A recent op-ed in the San Francisco Chronicle blasted Google for apparently not fulfilling its 2021 pledge to stop putting ads on content that spreads climate disinformation. This policy was put in place so that those spreading this false information would no longer be able to make money off of it on Google platforms, including YouTube.
Despite its pledge, a new report from the Climate Action Against Disinformation (CAAD) coalition shows that Google has failed to enforce its policy to demonetize YouTube videos that contain climate disinformation. Two hundred of the videos in question collectively have close to 75 million views, with 18 million coming from videos that meet Google's own definition of climate disinformation.
That's tens of millions of viewers potentially accepting this disinformation, which has become extremely widespread and is wreaking havoc on progress toward a cleaner, cooler, and healthier future for all of us. Such disinformation is often allowed to continue because it's profitable.

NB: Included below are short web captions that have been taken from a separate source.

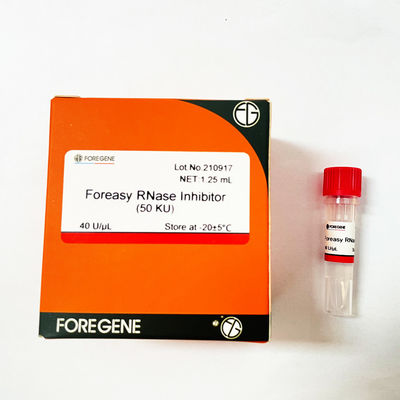 Fabrik-hohes Produktion Foreasy-RNase-Hemmnis Chinas IVD für RNS Schutz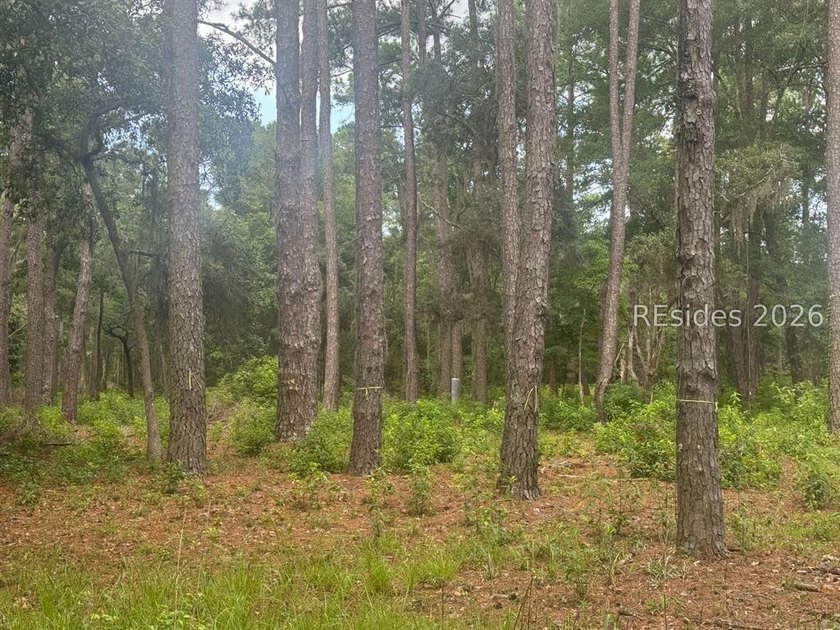 Build your dream home on this exceptional homesite at 330 School - photo 2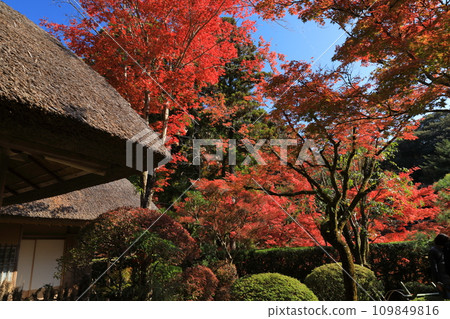 Autumn scenery of Saga Kutenan colored with fiery autumn leaves Autumn scenery of Saga Kutenan colored with fiery autumn leaves 109849816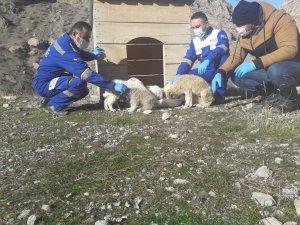 Sokağa çıkma kısıtlamasında hayvanları unutulmadı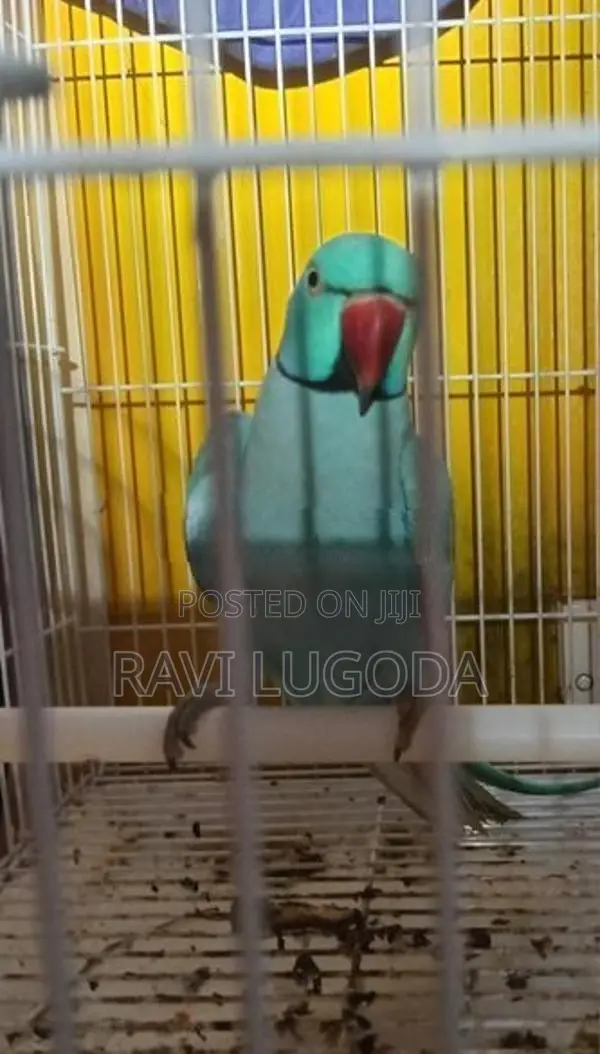 Ringneck Parrot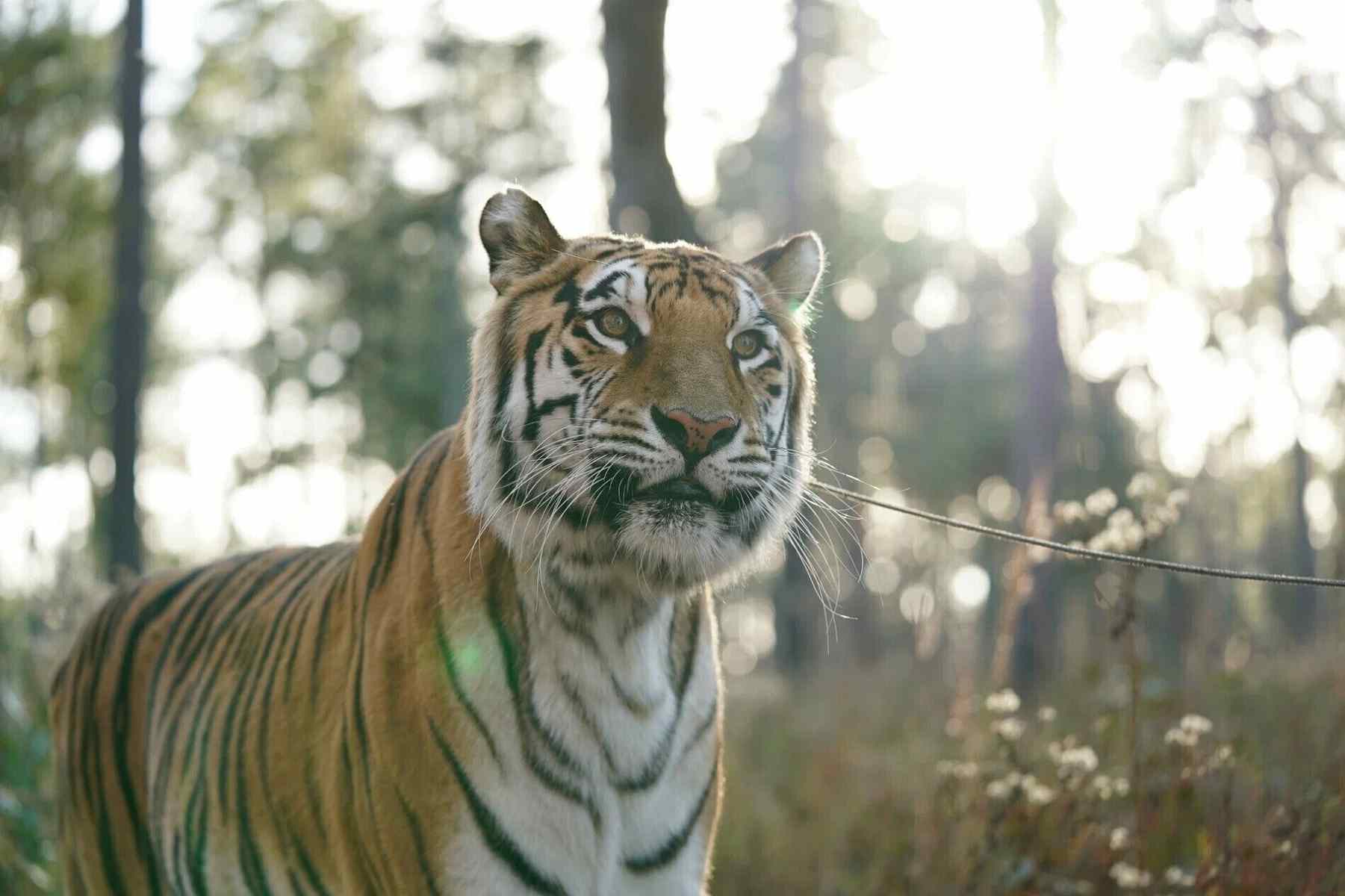 Топ фильмов прошедшей недели и ожидаемые премьеры 17-23 марта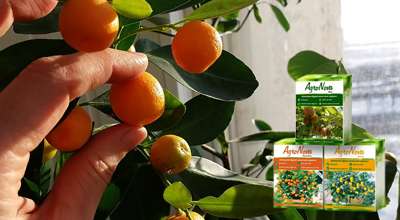 Мини деревья Agronova для выращивания.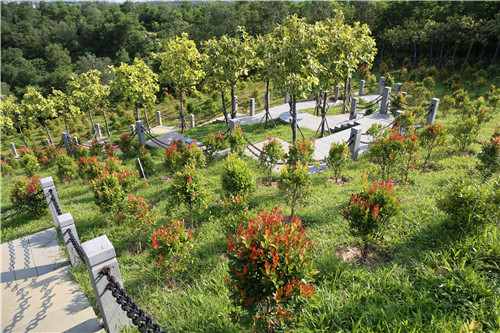 園冶杯專業(yè)獎(jiǎng)：不忘初心·共建紅林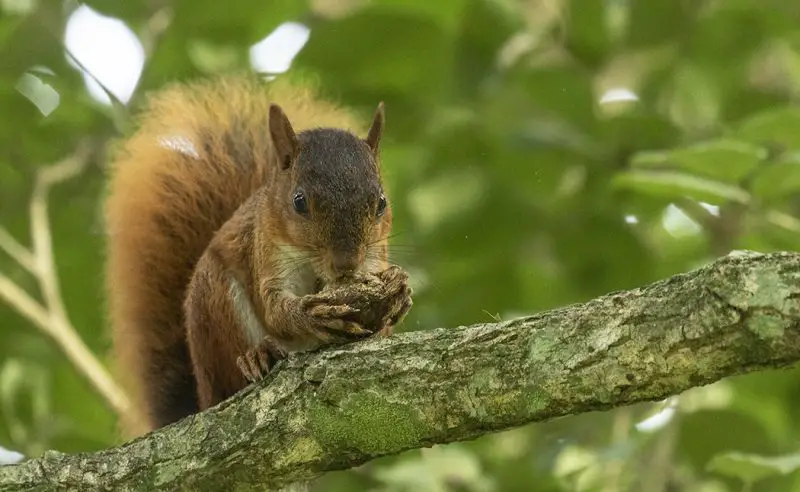 Types of Squirrel
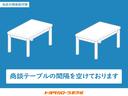 Ｘ　ＳＡＩＩＩ　ワンセグ　メモリーナビ　ミュージックプレイヤー接続可　バックカメラ　衝突被害軽減システム　ＥＴＣ　ドラレコ　ＬＥＤヘッドランプ　ワンオーナー　記録簿　アイドリングストップ（45枚目）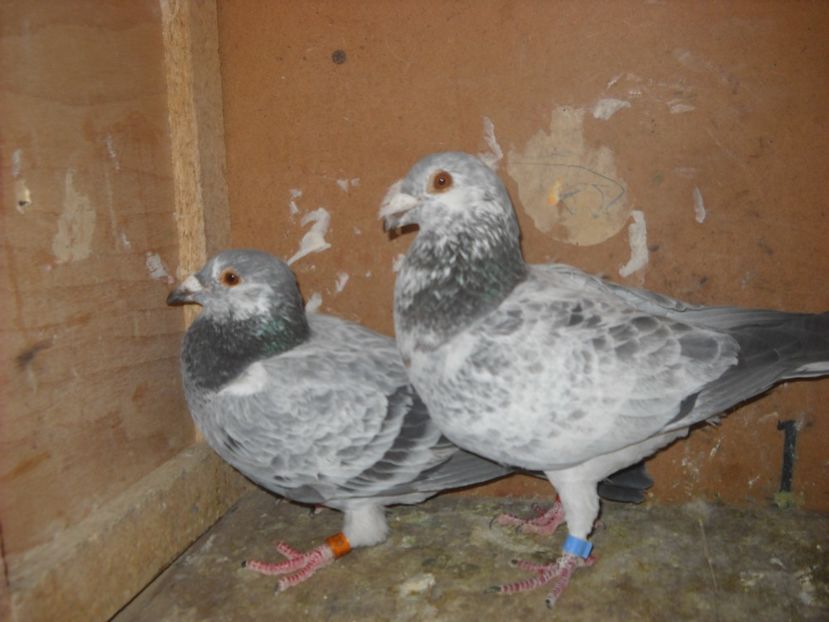  - UNDEVA IN SUCEAVA arhiva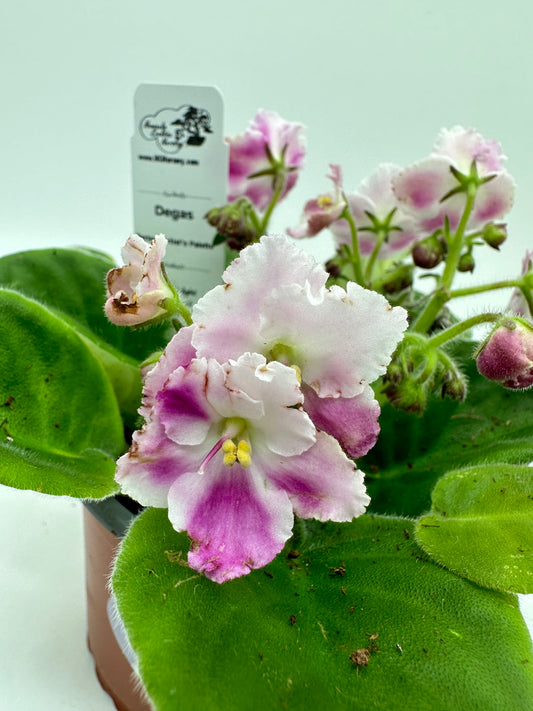 Degas - Live African Violet 4" - Series: Artist's Palette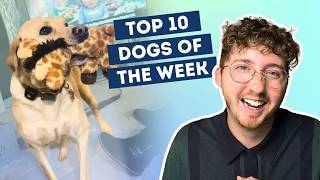 Dog Finds Out He's On Santa's Nice List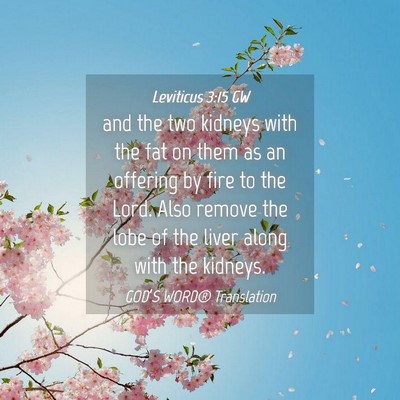 Picture 04 - Leviticus 3:15 GW - and the two kidneys with the fat on them as an - Bible Verse Picture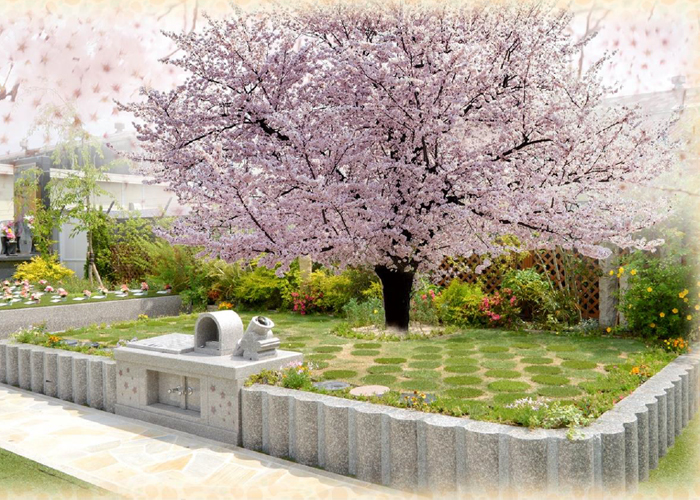 永代供養　樹木葬「桜」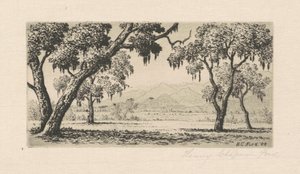 المناظر الطبيعية في كاليفورنيا ، 1888. بواسطة هنري تشابمان فورد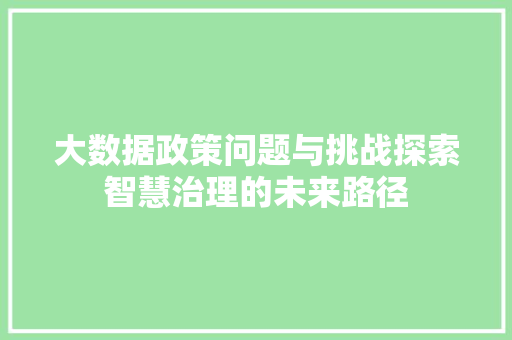 大数据政策问题与挑战探索智慧治理的未来路径  第1张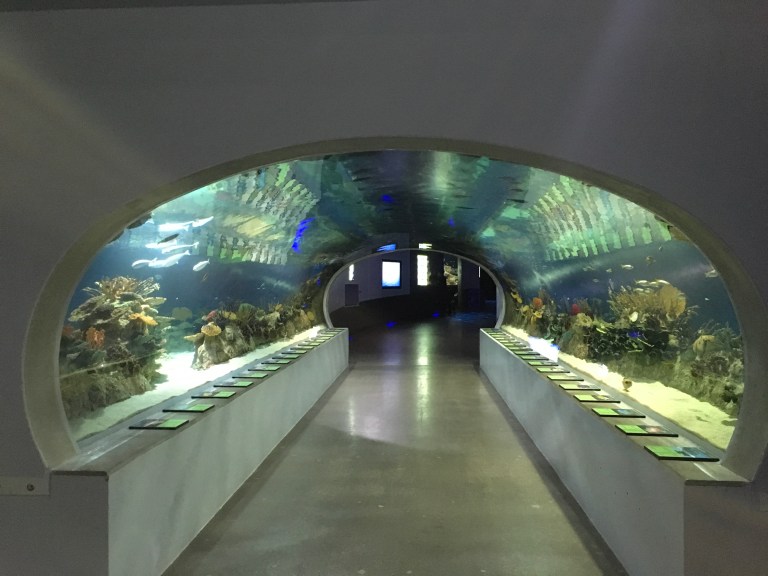 EC2BBF88-12E6-4851-84AC-F25399867CB5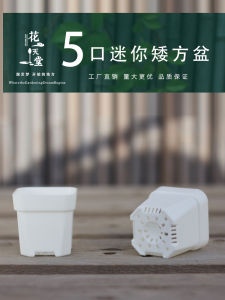 5 Caliber Extra Thick Mini Succulent Plastic Square Basin Seedling Planting Balcony Party Fine Control Meat Flower Pot Breathable and Beautiful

Businesses often opt for views over the truth, despite their pledges to help the environment. Ads on these videos were often for major brands and businesses like Costco, Nike, and big dirty energy companies like ExxonMobil. Big oil companies have been found to be among the biggest perpetrators of greenwashing.
Greenwashing is when a company makes misleading or entirely false claims about the environmental benefits of a product or practice, and it has become frighteningly common. Google's claim that they are removing harmful ads when, in fact, they're not, is a classic example.
Callum Hood, the head of research at the Center for Countering Digital Hate, told The New York Times, "It really begs the question about what Google's current level of enforcement is … I think it's fair to say it's probably the tip of the iceberg."
Naomi Oreskes, a historian of science at Harvard University, told PBS that "the tragedy of this is that all over social media, you can see tens of millions of Americans who think scientists are lying, even about things that have been proven for decades."
Claire Atkin, a co-founder of the advocacy group Check My Ads, warned that "when someone posts a video to YouTube, they have the opportunity to make a full salary on disinformation."